— Exercise data —
"""

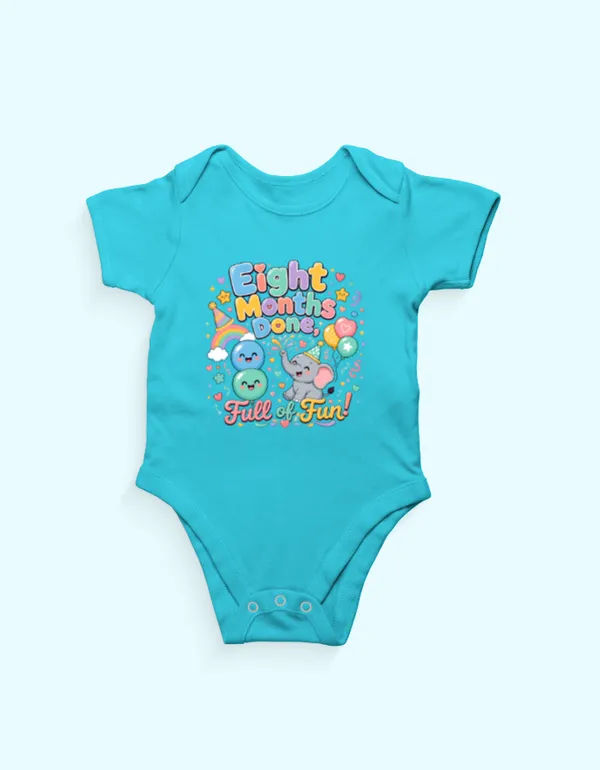 Turquoise_Cotton_Short_Sleeve_Graphic_Onesie_For_Kids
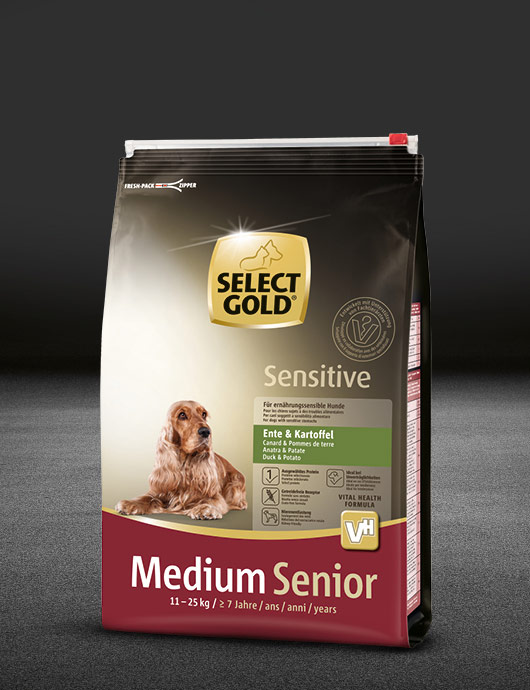 select gold sensitive medium senior ente und kartoffel beutel trocken 530x890px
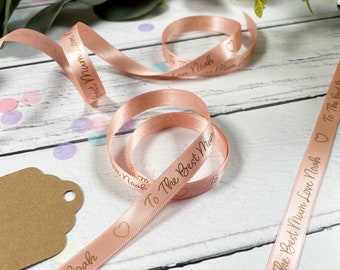 Mother's Day 10mm Personalised Printed Ribbon - Mother's Day Gift Wrap - Gift for Mum - Present for Mummy - Gift for Grandma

"""

— What to do —
Wherever a picture appears in the material above, skip it and copy the rest without change.

— Task output —
 Turquoise_Cotton_Short_Sleeve_Graphic_Onesie_For_Kids
 select gold sensitive medium senior ente und kartoffel beutel trocken 530x890px
 Mother's Day 10mm Personalised Printed Ribbon - Mother's Day Gift Wrap - Gift for Mum - Present for Mummy - Gift for Grandma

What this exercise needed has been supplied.